High resolution anatomical MR images of the first two datasets were used in this study. Given that the PREDICT-HD study was both multi-centered and longitudinal in nature, the image acquisition procedures were heterogeneous, including multiple vendors (GE, Phillips, and Siemens), different field strengths (1.5 Tesla and 3 Tesla), and more than 20 different MR acquisition protocols (due to issues with transmission and receiver hardware). Detailed scanning information for each of the 1,445 MR scans can be found in the Supplementary Material 1.
The third dataset used in this study includes 35 brain MRI scans from the OASIS project. The manual segmentations of these images were produced by Neuromorphometrics, Inc. (http://Neuromorphometrics.com/) using the brainCOLOR labeling protocol. The data were applied in the 2012 MICCAI Multi-Atlas Labeling Challenge and are publicly accessible (https://masi.vuse.vanderbilt.edu/workshop2012/index.php/Main_Page). In the challenge, 15 subjects were used as atlases and the remaining 20 images were used for testing. For this dataset, our structures of interest are the 12 subcortical regions.
Automated Structure Segmentation
As shown in Figure 1 (the work flow of the proposed pipeline), one can view this pipeline as having two major components; automated structure segmentation and surface filtering. The subcortical and ventricular structures, in both hemispheres, were extracted from each T1-weighted image using a fully-automated structure segmentation pipeline (Tang et al., 2015c) itself consisting of two steps, skull-stripping and brain structure segmentation. The underlying theoretical basis of this approach is multi-atlas likelihood-fusion (MALF) in the framework of a random deformable template model (Tang et al., 2013).
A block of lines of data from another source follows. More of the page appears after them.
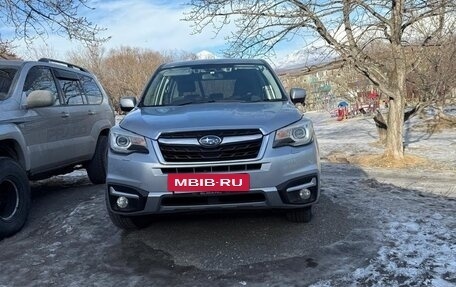 Subaru Forester, 2016 год, 1 980 000 рублей, 5 фотография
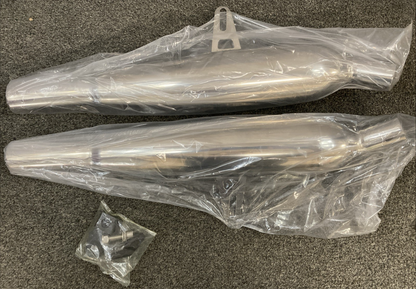 NEW GENUINE BRITISH CUSTOMS BC902-010-V2-P BONNEVILLE T100 SLEEPER SILENCERS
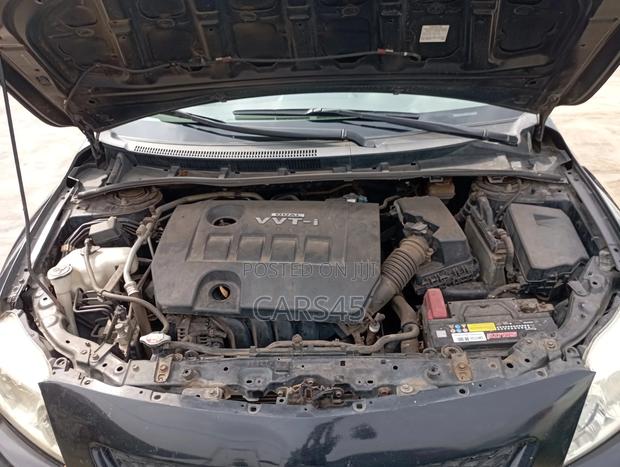Toyota Corolla 2010 Black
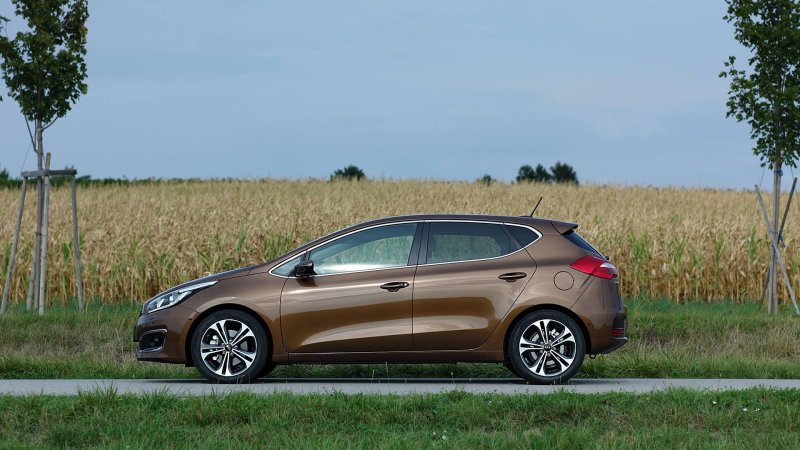 Kia Ceed 1 Рестайлинг коричневый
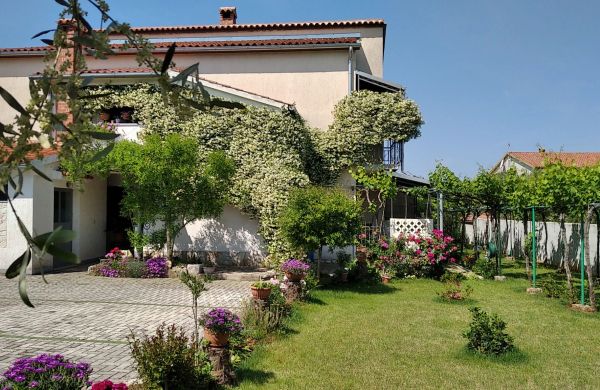 Apartments Bozac Porec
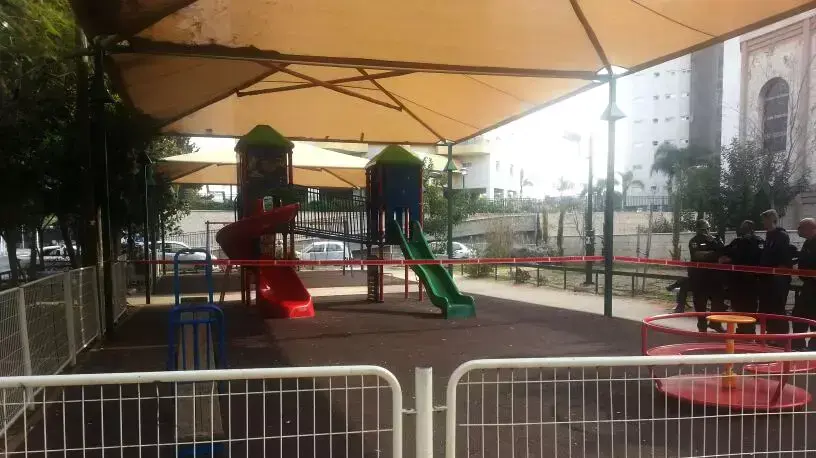 מאמצי החייאה בתינוקת בת 11 חודשים שנפגעה בגינה ציבורית בראשל"צ, ינואר 2014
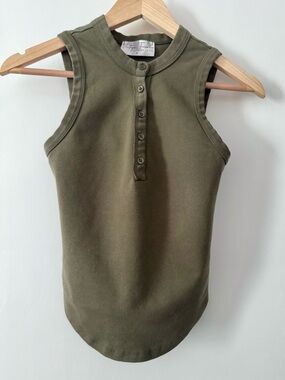 Vintage Threads Olive Green Sleeveless Henley Top Women’s Medium Cotton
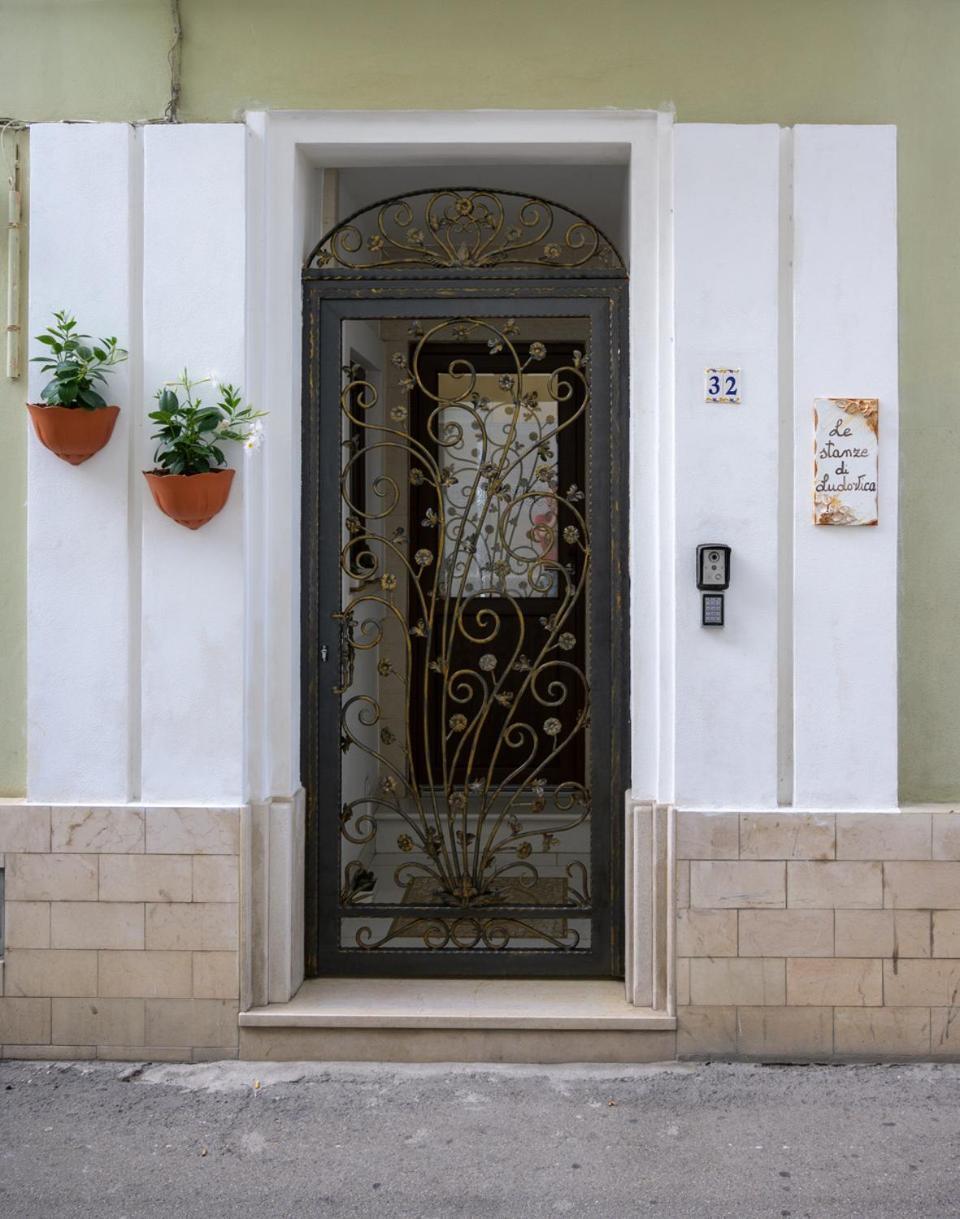 B&B Le Stanze Di Ludovica Termoli Exterior foto
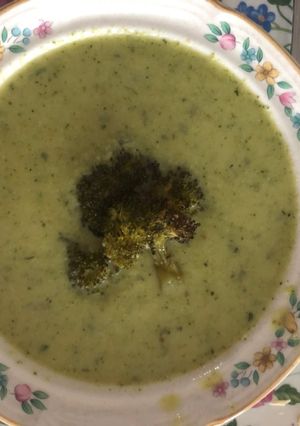 A picture of Thai broccoli soup.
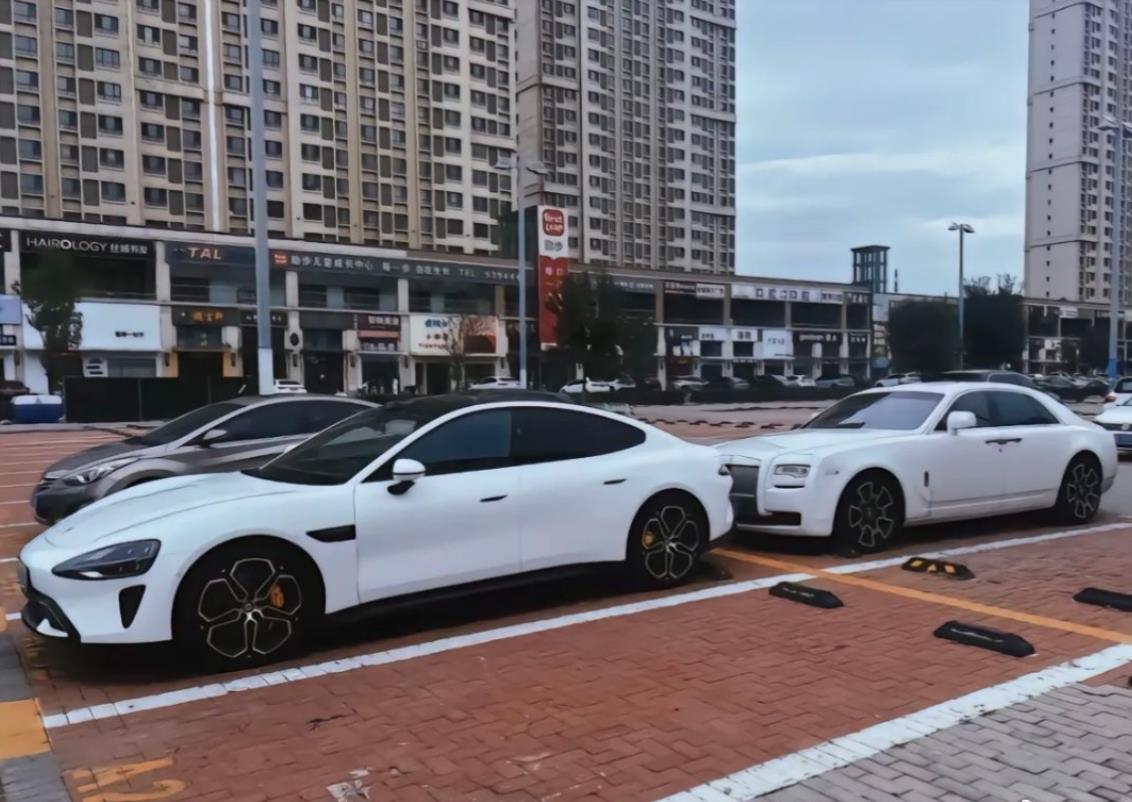 为什么30万的车和1000万的车，停在一起竟然不落下风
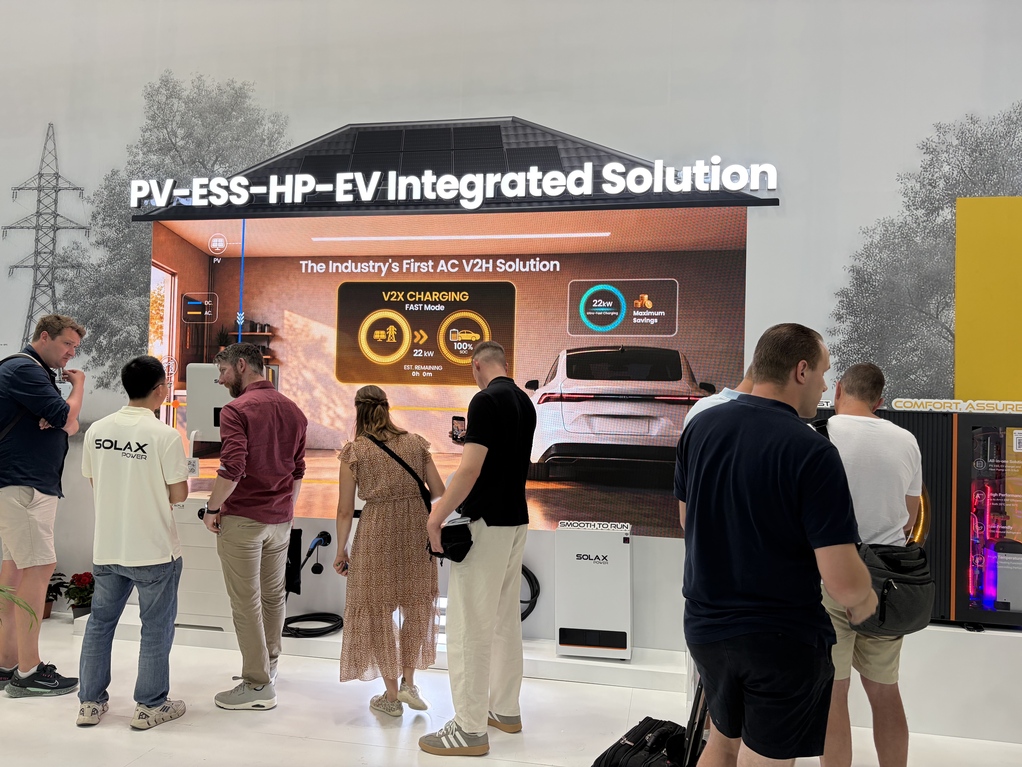 SolaX-Ausstellung auf der Intersolar Europe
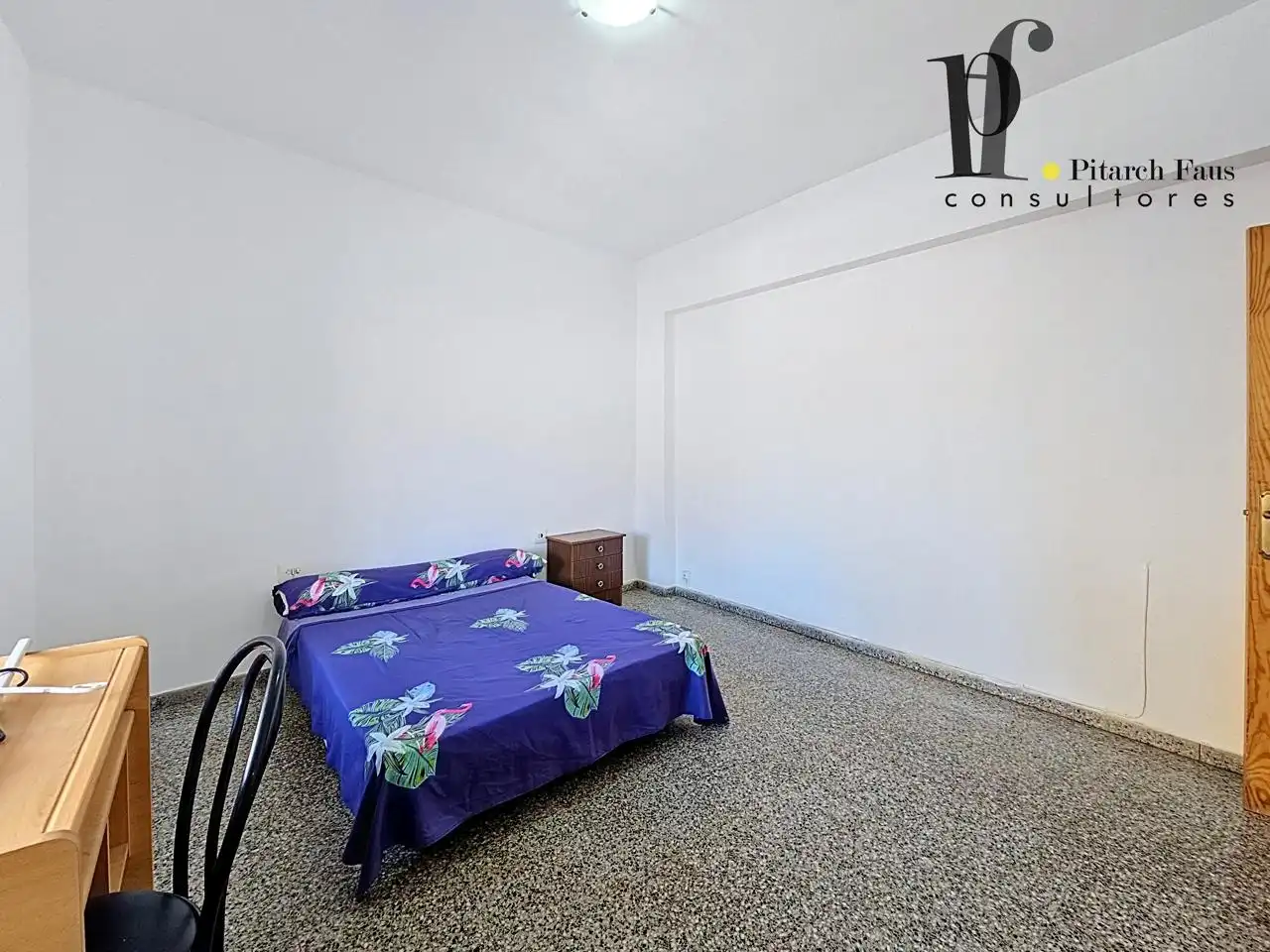 Dormitori de Pis en venda en La Pobla de Vallbona amb Balcó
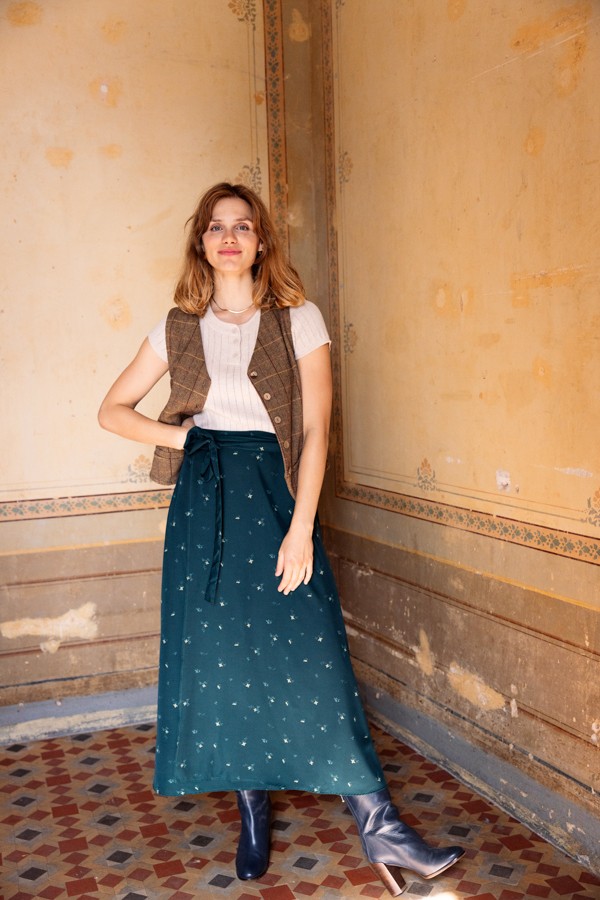 Falda maxi larga cruzada verde bosque con flores verde pastel- Ropa mujer SusiSweetdress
This segmentation pipeline has been tested and validated on a number of datasets with relevance to various brain structures, particularly the subcortical and ventricular structures (Liang et al., 2015; Tang et al., 2015a).
Figure 1. Demonstration of the workflow of the proposed pipeline. MALF, multi-atlas likelihood fusion.
In this study, the 16 T1-weighted images of the first dataset served as the atlases used in MALF to perform the automated structure segmentation for the first and the second datasets. Each structure of interest, such as the left hippocampus, was manually delineated in all 16 atlases by a team of neuroanatomists at Johns Hopkins University with more than 15 years' experience in manually tracing subcortical structures. Various sets of subcortical and ventricular atlases, used in our other studies, were all created by the same team and have proven their reliability (Tang et al., 2013, 2015c, 2016; Seymour et al., 2017). Intra- and inter-rater reliability of manual delineations by this team have been quantified in earlier studies; intra-class correlation (ICC) statistics revealed high rates of intra- and interrater reliability (intra-rater ICC ranges between 0.96 and 0.98; inter-rater ICC ranges between 0.9 and 0.93) (Qiu et al., 2009a).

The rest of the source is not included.